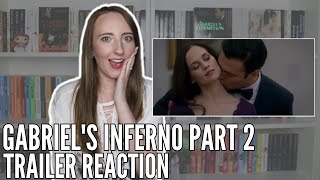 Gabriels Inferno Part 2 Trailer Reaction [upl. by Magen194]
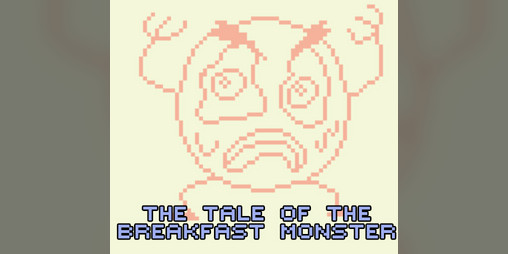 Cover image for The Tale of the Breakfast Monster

==

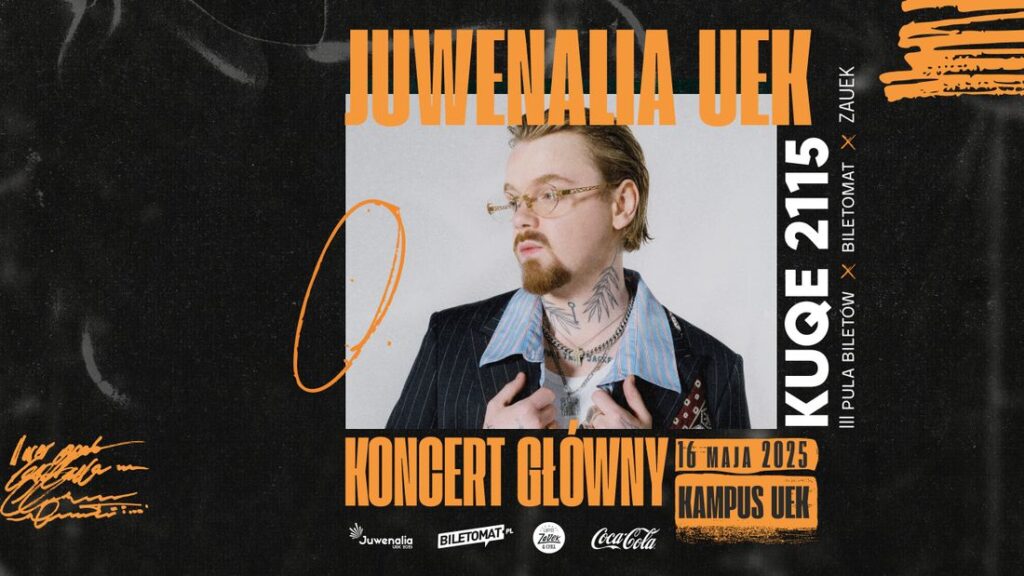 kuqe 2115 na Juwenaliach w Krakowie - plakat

--

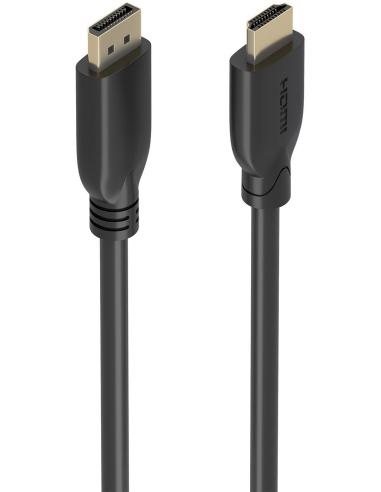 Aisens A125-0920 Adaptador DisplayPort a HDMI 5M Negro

• [WHAT THIS TASK INVOLVES] Once the line with "Gabriels Inferno Part" is found in the data above, reproduce it and each line after it exactly, through the line with "Cover image for". Omit the pictures.

• [RESULT OF THE TASK]
 Gabriels Inferno Part 2 Trailer Reaction [upl. by Magen194]
 Cover image for The Tale of the Breakfast Monster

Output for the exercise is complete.